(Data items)
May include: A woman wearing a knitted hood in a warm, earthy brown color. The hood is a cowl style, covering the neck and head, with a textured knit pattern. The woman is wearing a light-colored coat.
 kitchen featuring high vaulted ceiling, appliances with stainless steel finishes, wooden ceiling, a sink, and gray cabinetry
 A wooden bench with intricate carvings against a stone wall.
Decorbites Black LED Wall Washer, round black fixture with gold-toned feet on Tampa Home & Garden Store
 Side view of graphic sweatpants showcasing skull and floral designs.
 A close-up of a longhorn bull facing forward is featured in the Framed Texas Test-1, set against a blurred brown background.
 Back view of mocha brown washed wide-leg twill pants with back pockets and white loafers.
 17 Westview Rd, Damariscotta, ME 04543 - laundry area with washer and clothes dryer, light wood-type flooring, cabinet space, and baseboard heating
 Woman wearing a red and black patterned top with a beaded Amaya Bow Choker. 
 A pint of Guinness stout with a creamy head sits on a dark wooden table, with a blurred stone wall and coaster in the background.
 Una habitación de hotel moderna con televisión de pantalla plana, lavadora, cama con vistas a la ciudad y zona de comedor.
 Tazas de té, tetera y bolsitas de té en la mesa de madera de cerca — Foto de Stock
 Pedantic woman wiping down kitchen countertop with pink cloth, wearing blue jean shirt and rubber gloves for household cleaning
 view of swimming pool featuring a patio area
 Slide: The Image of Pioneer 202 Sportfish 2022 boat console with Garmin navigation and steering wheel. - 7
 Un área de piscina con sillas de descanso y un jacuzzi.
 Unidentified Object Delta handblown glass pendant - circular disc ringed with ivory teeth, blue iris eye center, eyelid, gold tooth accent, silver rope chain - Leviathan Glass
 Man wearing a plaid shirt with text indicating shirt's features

▶ [Task item]
Please output the entries above, every line exactly as it reads.

▶ [Your response]
May include: A woman wearing a knitted hood in a warm, earthy brown color. The hood is a cowl style, covering the neck and head, with a textured knit pattern. The woman is wearing a light-colored coat.
 kitchen featuring high vaulted ceiling, appliances with stainless steel finishes, wooden ceiling, a sink, and gray cabinetry
 A wooden bench with intricate carvings against a stone wall.
Decorbites Black LED Wall Washer, round black fixture with gold-toned feet on Tampa Home & Garden Store
 Side view of graphic sweatpants showcasing skull and floral designs.
 A close-up of a longhorn bull facing forward is featured in the Framed Texas Test-1, set against a blurred brown background.
 Back view of mocha brown washed wide-leg twill pants with back pockets and white loafers.
 17 Westview Rd, Damariscotta, ME 04543 - laundry area with washer and clothes dryer, light wood-type flooring, cabinet space, and baseboard heating
 Woman wearing a red and black patterned top with a beaded Amaya Bow Choker. 
 A pint of Guinness stout with a creamy head sits on a dark wooden table, with a blurred stone wall and coaster in the background.
 Una habitación de hotel moderna con televisión de pantalla plana, lavadora, cama con vistas a la ciudad y zona de comedor.
 Tazas de té, tetera y bolsitas de té en la mesa de madera de cerca — Foto de Stock
 Pedantic woman wiping down kitchen countertop with pink cloth, wearing blue jean shirt and rubber gloves for household cleaning
 view of swimming pool featuring a patio area
 Slide: The Image of Pioneer 202 Sportfish 2022 boat console with Garmin navigation and steering wheel. - 7
 Un área de piscina con sillas de descanso y un jacuzzi.
 Unidentified Object Delta handblown glass pendant - circular disc ringed with ivory teeth, blue iris eye center, eyelid, gold tooth accent, silver rope chain - Leviathan Glass
 Man wearing a plaid shirt with text indicating shirt's features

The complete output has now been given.